We consider the problem of estimating a signal from noisy circularly translated versions of itself, called multireference alignment (MRA). One natural approach to MRA could be to estimate the shifts of the observations first, and infer the signal by aligning and averaging the data. In contrast, we consider a method based on estimating the signal directly, using features of the signal that are invariant under translations. Specifically, we estimate the power spectrum and the bispectrum of the signal from the observations. Under mild assumptions, these invariant features contain enough information to infer the signal. In particular, the bispectrum can be used to estimate the Fourier phases. To this end, we propose and analyze a few algorithms. Our main methods consist of nonconvex optimization over the smooth manifold of phases. Empirically, in the absence of noise, these nonconvex algorithms appear to converge to the target signal with random initialization.
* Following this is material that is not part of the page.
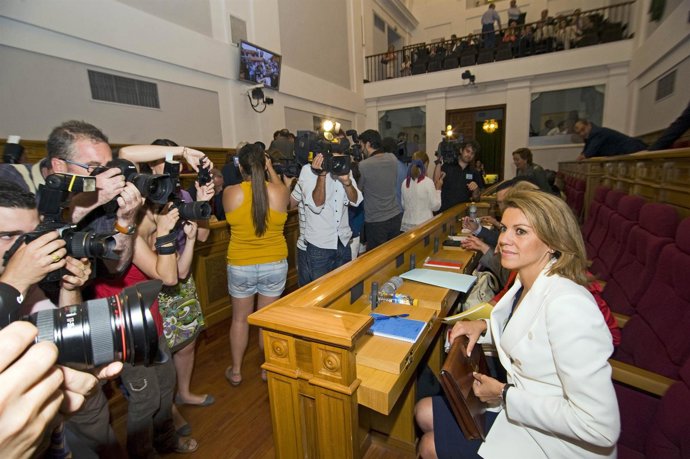 Cospedal Fotografiada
The algorithms are also robust to noise. We then suggest three additional methods. These methods are based on frequency marching, semidefinite relaxation, and integer programming. The first two methods provably recover the phases exactly in the absence of noise. In the high noise level regime, the invariant features approach for MRA results in stable estimation if the number of measurements scales like the cube of the noise variance, which is the information-theoretic rate. Additionally, it requires only one pass over the data, which is important at low signal-to-noise ratio when the number of observations must be large.